Valentina Magaletti & Julian Sartorius

Sulla Pelle

BY Peter BoulosPublished Aug 30, 2019

It takes a certain level of guile for a record label to expand its scope while remaining true to the initial intention. Initially beginning as an emotive electronic outlet, Ali Safi's Marionette has expanded to electroacoustic-isms in recent times. On Sulla Pelle we have somewhat of a change of pace, with a pair of experimental drummers in Julian Sartorius and Valentina Magaletti delivering their debut for the label. Accomplished in their own rights, together they deliver music with synchronicity that would make an 808 envious.
Chaotic and complex, the pair deliver an expertly crafted quartet of stuttering compositions on the EP. "Sobaka" begins as a quiet shuffle, eventually growing cacophonous and propulsive as per proceedings before retreating back into soft skittering. It's an effective demonstration of storytelling without relying on melodic counterpoint. On the titular "Sulla Pelle," things start as a march before delving into more uncharted territory. The pair play off of one another as they strike surfaces of unorthodox origin, while the occasional dubbed tonic lazily echoes in the background. The overall effect is enthralling, but above all, unpredictable.
"Tre Porte" features the strongest resemblance to electronica on the record, with amplified distortion hanging behind the ricocheting metre.

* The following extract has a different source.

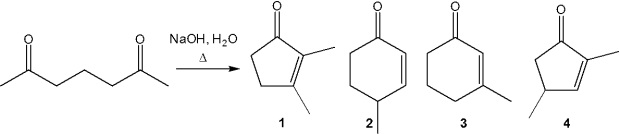<strong>What is the major organic product obtained from the following reaction? </strong> A)1 B)2 C)3 D)4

By the time "Micro Tormento" arrives, we've come to know what to expect. The duo deliver percussive intrigue with great effect, this time with the added twang of a discordant string repetitions. It all sounds as though the sessions were done in live takes, with the haphazardness of it all translated to the final record.
Sulla Pelle carries the greatest of intrigue across its four tracks, but one gets the sense that more variation between the four tracks may have improved an already strong sonic footprint. Still, it is very doubtful that many others can craft music as Magaletti and Sartorius have done here, and for that reason alone it is well worth an attentive ear.